▸ **Image-text web data**:
↓

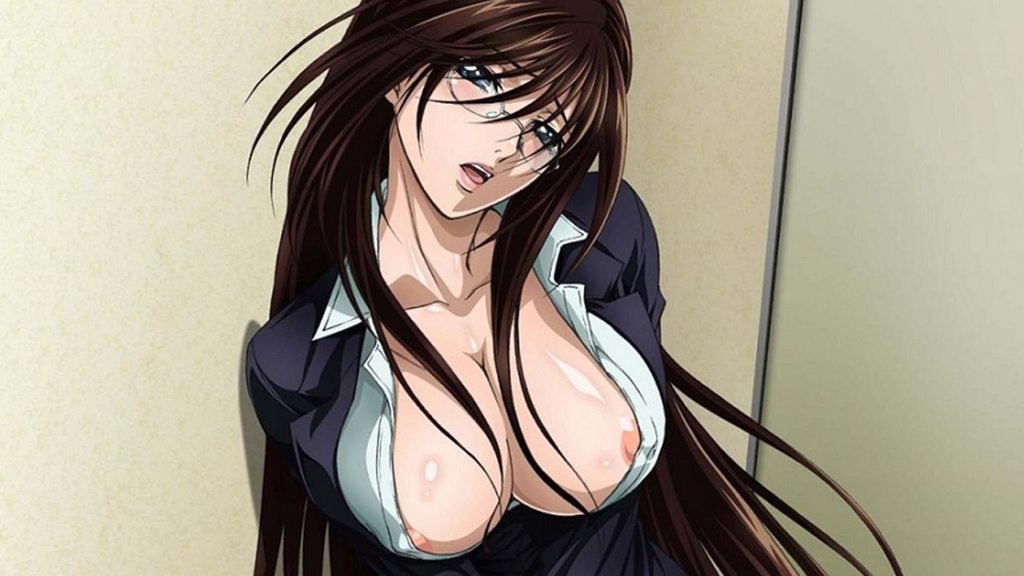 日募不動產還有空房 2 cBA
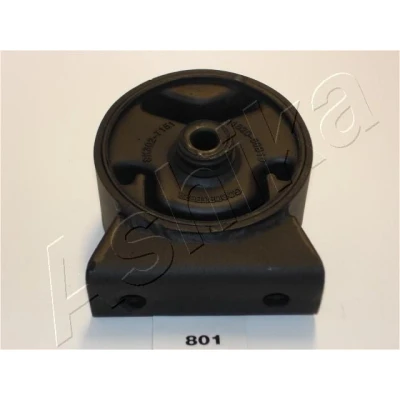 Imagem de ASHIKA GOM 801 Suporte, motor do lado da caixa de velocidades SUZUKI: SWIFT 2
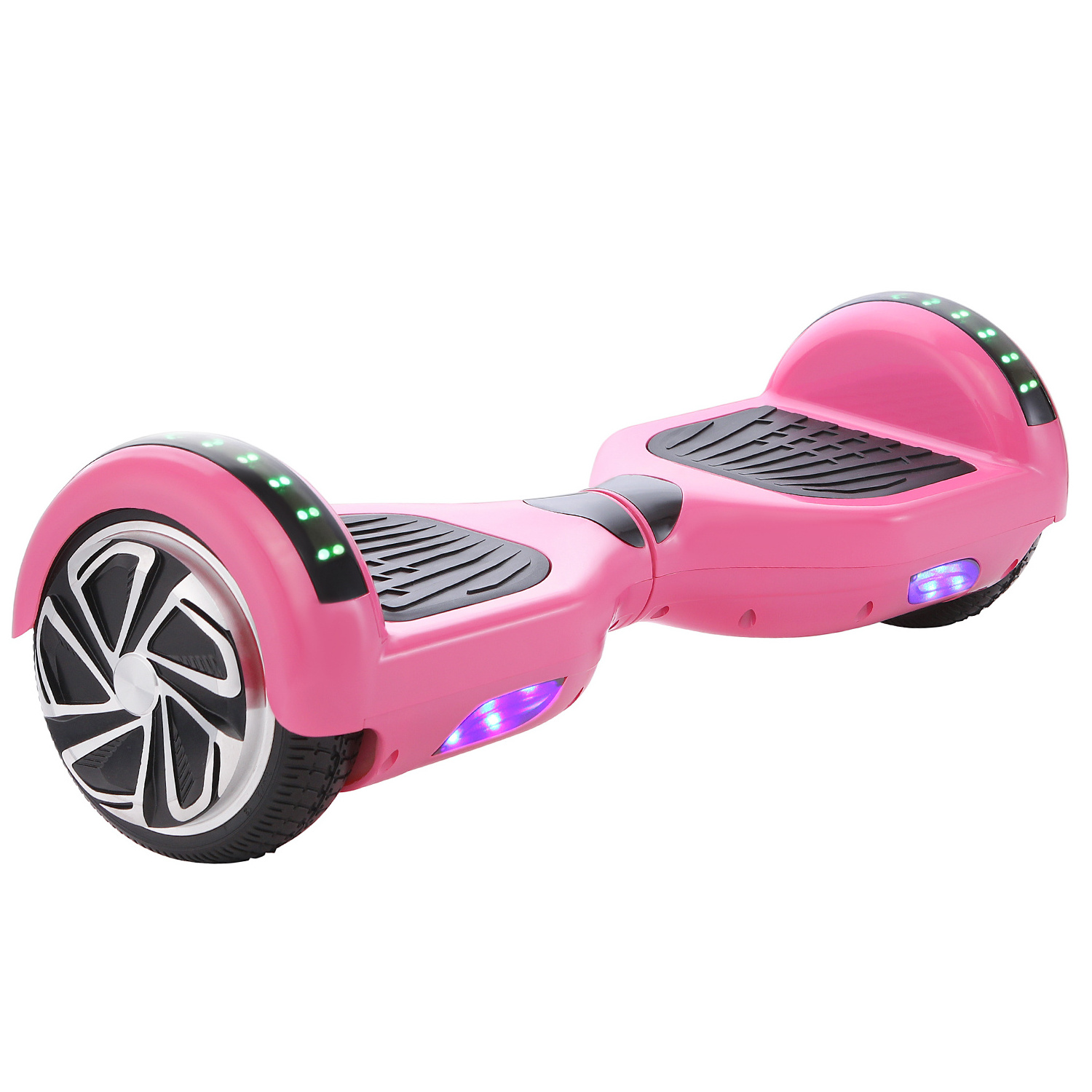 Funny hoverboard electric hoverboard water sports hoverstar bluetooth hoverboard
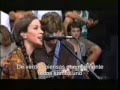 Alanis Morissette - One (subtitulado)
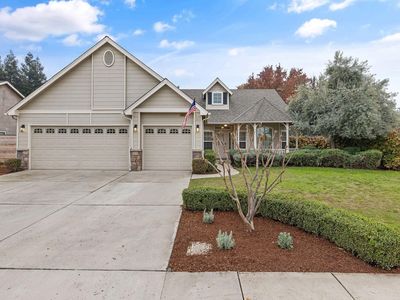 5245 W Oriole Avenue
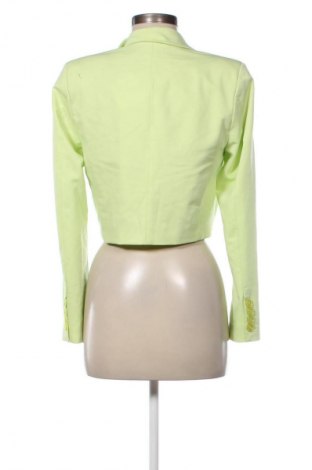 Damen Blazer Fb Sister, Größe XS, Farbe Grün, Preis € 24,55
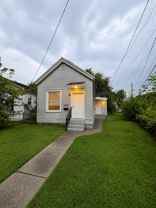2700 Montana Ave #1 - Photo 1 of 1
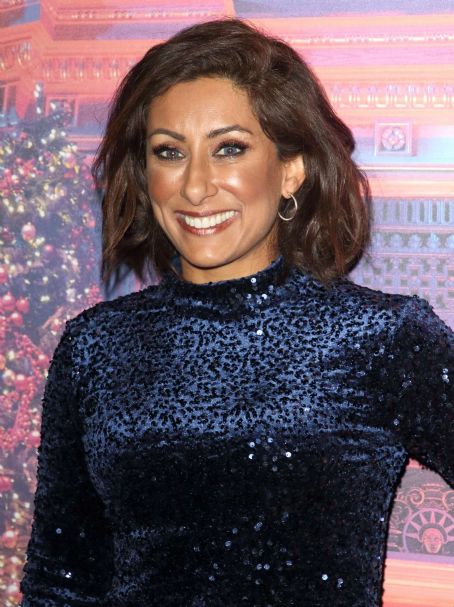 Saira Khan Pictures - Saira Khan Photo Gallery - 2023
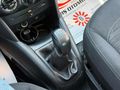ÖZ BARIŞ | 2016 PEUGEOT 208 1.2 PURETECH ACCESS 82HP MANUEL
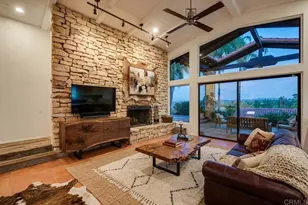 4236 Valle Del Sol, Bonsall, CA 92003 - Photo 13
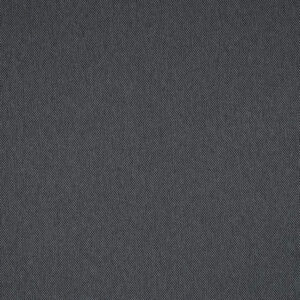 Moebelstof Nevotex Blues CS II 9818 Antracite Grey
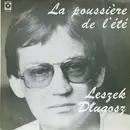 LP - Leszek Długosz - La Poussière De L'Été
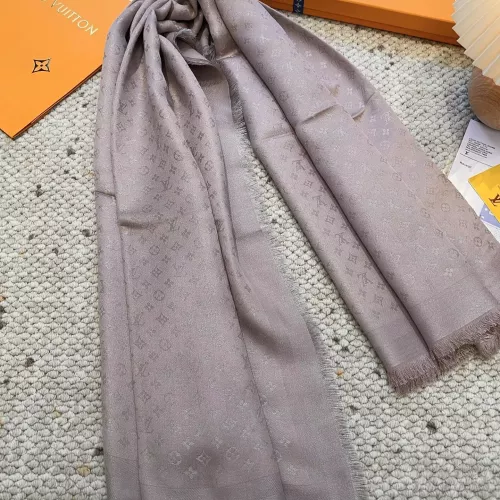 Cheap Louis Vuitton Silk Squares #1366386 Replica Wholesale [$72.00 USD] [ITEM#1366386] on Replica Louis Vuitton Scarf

↑

▸ **Exercise description**: Pictures omitted, give the entries again exactly.

▸ **Exercise result**:
 日募不動產還有空房 2 cBA
 Imagem de ASHIKA GOM 801 Suporte, motor do lado da caixa de velocidades SUZUKI: SWIFT 2
 Funny hoverboard electric hoverboard water sports hoverstar bluetooth hoverboard
 Alanis Morissette - One (subtitulado)
 5245 W Oriole Avenue
 Damen Blazer Fb Sister, Größe XS, Farbe Grün, Preis € 24,55
2700 Montana Ave #1 - Photo 1 of 1
 Saira Khan Pictures - Saira Khan Photo Gallery - 2023
ÖZ BARIŞ | 2016 PEUGEOT 208 1.2 PURETECH ACCESS 82HP MANUEL
 4236 Valle Del Sol, Bonsall, CA 92003 - Photo 13
 Moebelstof Nevotex Blues CS II 9818 Antracite Grey
 LP - Leszek Długosz - La Poussière De L'Été
 Cheap Louis Vuitton Silk Squares #1366386 Replica Wholesale [$72.00 USD] [ITEM#1366386] on Replica Louis Vuitton Scarf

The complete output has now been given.